How accurate do you think the depreciation figures are for ChipMOS? Too high, too low, just right?
If I recall correctly, ChipMOS was depreciating equipment to zero in...6 years? When it was supposed to last a couple years beyond that. Also, much of that equipment is under-utilized right now so it's not getting worn out. However, technological equipment eventually becomes outdated regardless of whether it is used or not.
I'm trying to get an idea of how accurate the book value figure is since it's dropped so rapidly over the past year or two.
to the best of my knowledge you are asking the hardest non-BS question in stock analysis. can i recommend a more tractable alternative?
ultimately you don't need to know if stated book value is equal to liquidation value. what you need to know is, is it a meaningful normalizing constant for projecting future cash flows. that sounds like a harder question, but it is actually much easier.

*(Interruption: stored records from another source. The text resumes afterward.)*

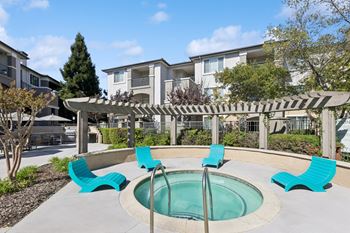 hot tub at Bridgeport Ranch apartments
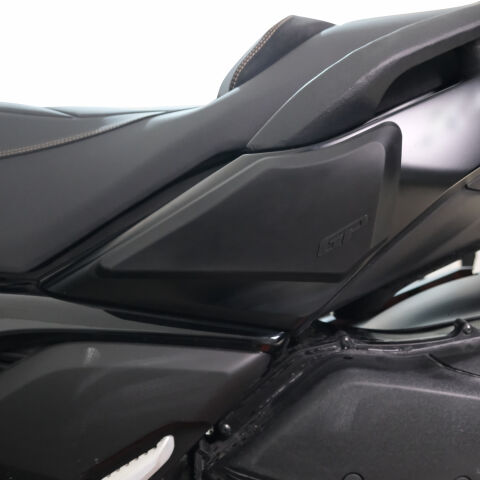 GP Kompozit Yamaha XMAX 250 2023-2026 Uyumlu Bacak ve Sele Altı Grenaj Koruma Seti Siyah
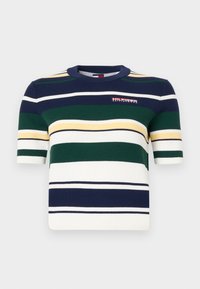 Top a maniche corte lavorato a maglia con righe orizzontali in verde, blu marino, bianco e giallo, caratterizzato da un logo ricamato rosso sul petto.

first you want some industry aggregate data: EBITDA and tangible asset totals are what i use, but lots of alternatives exist. there's so much cyclical nature here that you HAVE to get some rough seasonal index values or you end up with noise.
OK, so now that you have some kind of empirical data, use it to deseasonalize EBITDA (or whatever) for the individual company you are studying. plot a time-series of EBITDA/ tangible assets. if there is no declining trend then you can reasonably conclude that depreciation allowance is roughly "fair". you can establish a valuation (as a multiple of book value) without ever quite establishing whether profits are really economic or accounting.
did i mention it sucks? yeah. but it is infinitely easier than trying to answer your question head-on. and all of that work tends to turn up a lot of interesting facts you wouldn't otherwise know to look for.
That does sound like it would render some interesting results, though I think getting rid of the noise would be difficult.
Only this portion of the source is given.